I am anxiously awaiting to arrive at this quaint little cabin nestled in the woods of central Minnesota for a short season of silence, solitude, prayer, listening, and contemplation.  No electricity…which means no phone, no tablet, no computer, and no TV.  Just ME and GOD.

As I mentioned earlier, Coral has been suggesting I do this for years as she knows that I struggle balancing work with everything else in my life as work typically overpowers all things.  Work is not only my job, but my hobby.  The hardest word for me to say is the word ‘NO.’

My plate runeth over with all things imaginable.  Work, children, family, children, work, volunteering, children, work, and did I mention, children?

At the end of 2016, I determined my theme for 2017 needed to be ‘Simplify.’  I desperately need to simplify my life so that I can refocus and hone in on what’s most important – my family.  If I were to be graded at how well I’m doing at sticking to my theme so far this year, I’m afraid I’d receive a failing grade.
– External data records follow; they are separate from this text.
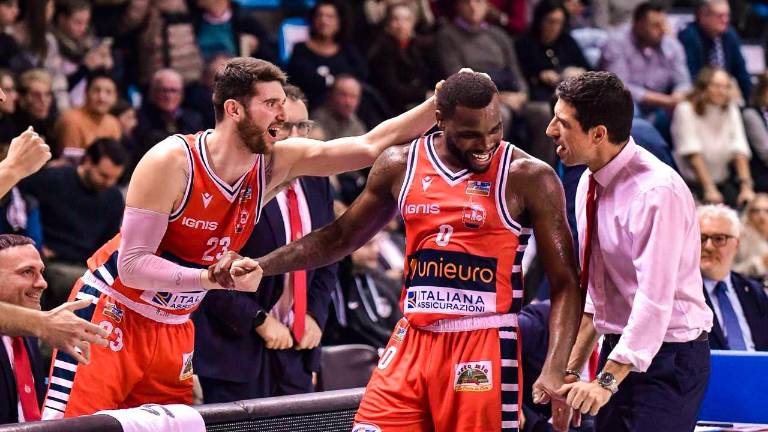 Basket A2, Unieuro e Rinascita, grandi prove a pochi chilometri di distanza Basket A2, Unieuro e Rinascita, grandi prove a pochi chilometri di distanza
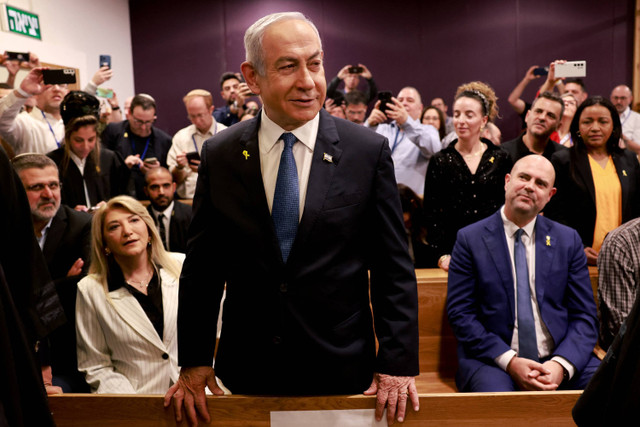 Perdana Menteri Israel Benjamin Netanyahu menghadiri sidang tuduhan korupsi di Tel Aviv, Israel, Rabu (10/12/2024). Foto: Menahem Kahana/Pool via REUTERS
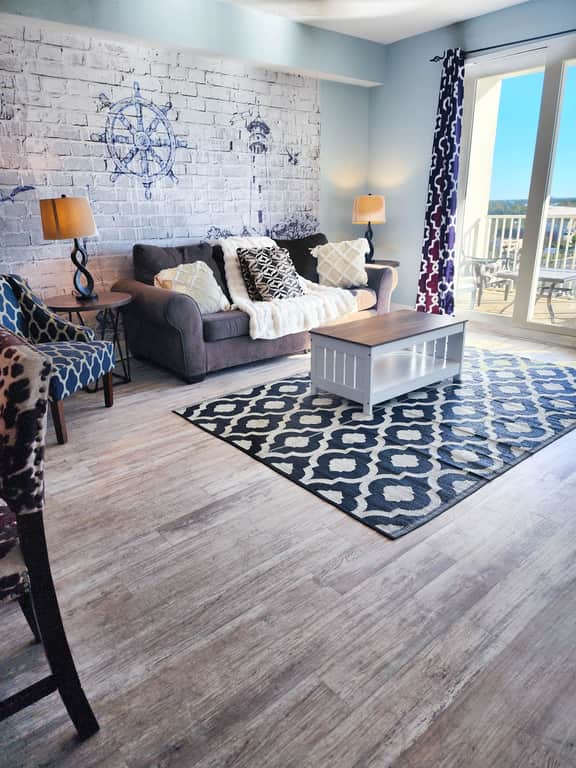 Laketown Wharf 1135 - Image 5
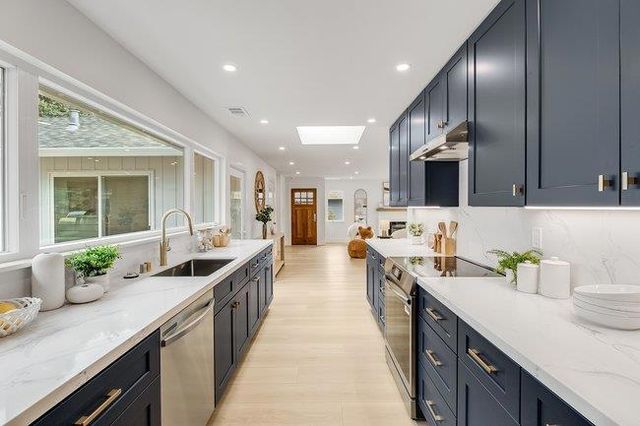 4485 Whitecliff Way, El Sobrante, CA 94803
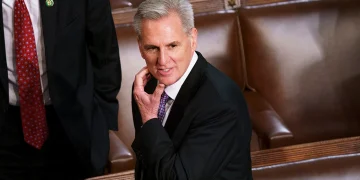 Mero Baze: Kreu i Kongresit amerikan fotografohet me një të pandehur për korrupsion në Tiranë. Nuk dihet fati i tij nëse shqiptari arrestohet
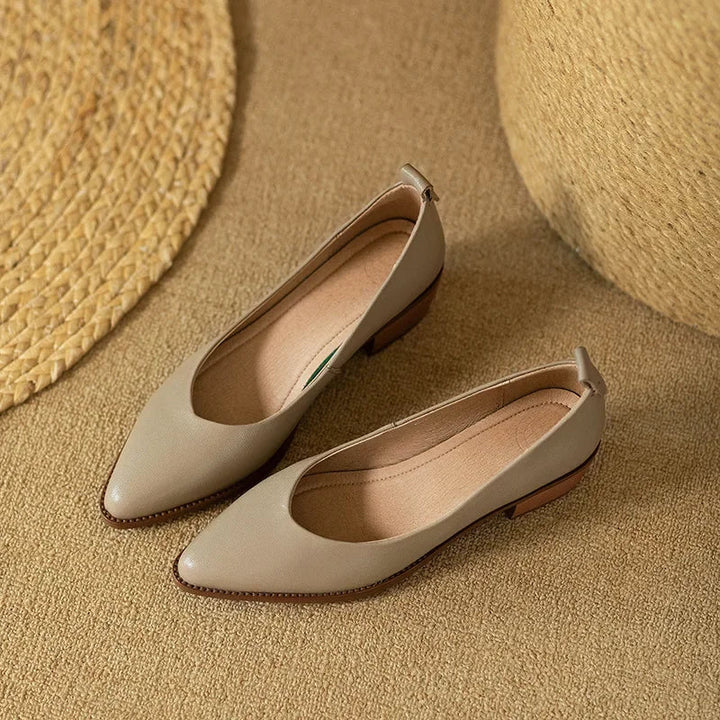 Daphne™ | Classic Block Heel Pumps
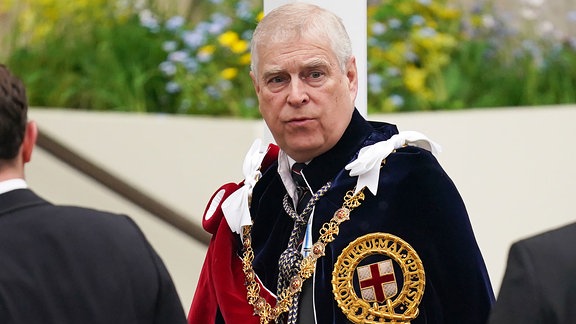 Prinz Andrew, Duke of York, kommt zur Krönungszeremonie des britischen Königs Charles III.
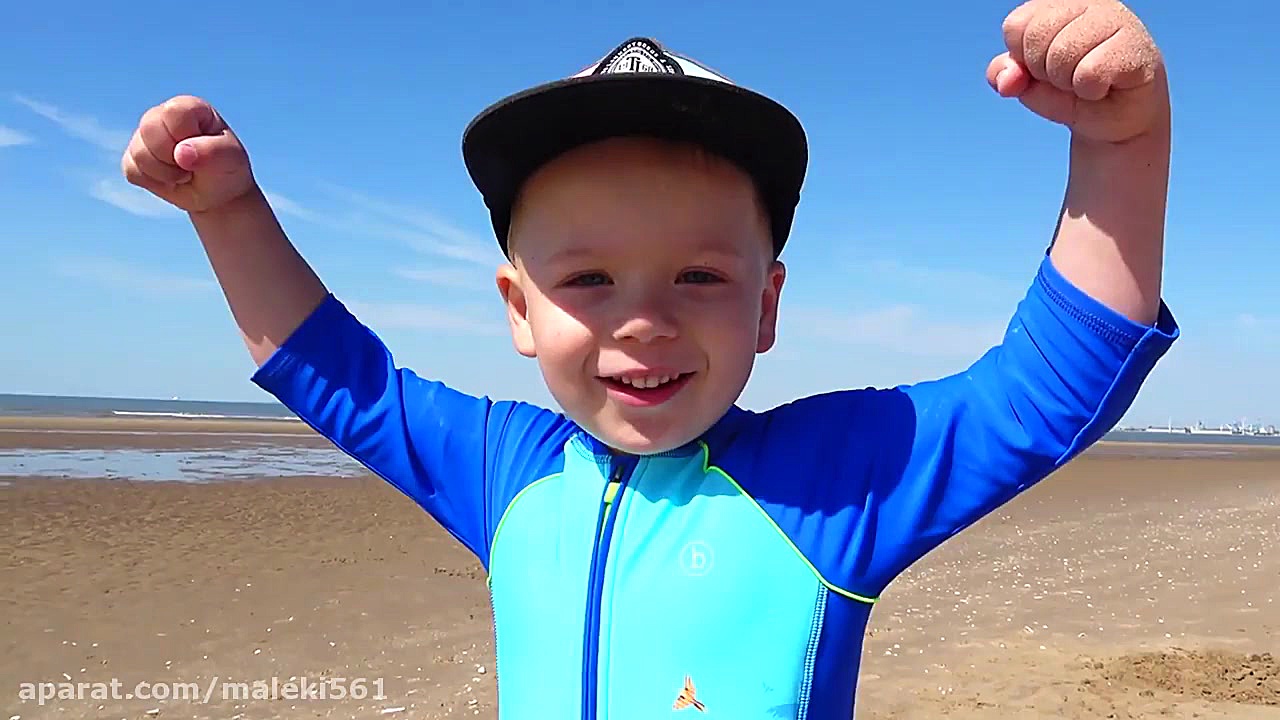 گبی و الکس  شن بازی  ماسه بازی...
For those of you who know me well, know that I have a very high regard for one of the greatest leaders and pastors of modern day.  Bill Hybels, senior pastor of Willow Creek Community Church in Chicago who recently wrote a book titled ‘Simplify – Ten Practices to Unclutter My Soul.’  I’m departing for my hermitage in the morning armed with my Bible, Hybels’ books Simplify and Holy Discontent and a whole lot of eagerness for silence and solitude.

Oh, the quietness.

Oh, the stillness.

Oh, the darkness.

Oh, the whispers I’m anticipating hearing from the Lord as I attempt to unclutter my soul and be reminded that God is God.

 

P.S. – A special thanks to my wonderful wife, for once again, holding together the Tunheim Zoo while I skip away for a few days.